Place à Jesu et un premier titre "Hard to reach", long, mouvant et dopé aux textures électro clinquantes avant que les nappes hypnotiques dont Justin Broadrick a le secret n'emplissent inexorablement l'atmosphère. Mélodies lumineuses, un cheminement musical qui amènera lentement mais sûrement vers l'apaisement absolu, un sentiment de bien-être contemplatif que l'anglais développe l'espace de quelques 13 minutes et trente neuf secondes d'un voyage ambient/électro industriel explorant des contrées musicales aux panoramas idylliques. Malgré une productivité étonnante (pas moins de sept sorties pour la seule année 2007), Justin Broadrick démontre qu'il parvient pourtant à se renouveler sans cesse, tout en conservant sa griffe musicale, unique.
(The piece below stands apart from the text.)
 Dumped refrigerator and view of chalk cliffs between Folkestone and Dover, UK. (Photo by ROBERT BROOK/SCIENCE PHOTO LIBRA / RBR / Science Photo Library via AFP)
Distillat sonore dense et organique, "The stars that hang above you" se fait l'écho d'une musique cathartique aux volutes aériennes et atmosphères éthérées. Quelques minutes d'errance narcoleptique et un final en forme d'une agréable apothéose émotionnelle, Jesu conclue avec classe cet effort sur lequel Envy se révèle un peu en panne d'inspiration pendant que Broadrick met sa créativité au service de ce split l'artwork réalisé par Aaron Turner (Isis) (qui réalise tous les visuels des disques que sort Hydrahead) et au contenu finalement inégal.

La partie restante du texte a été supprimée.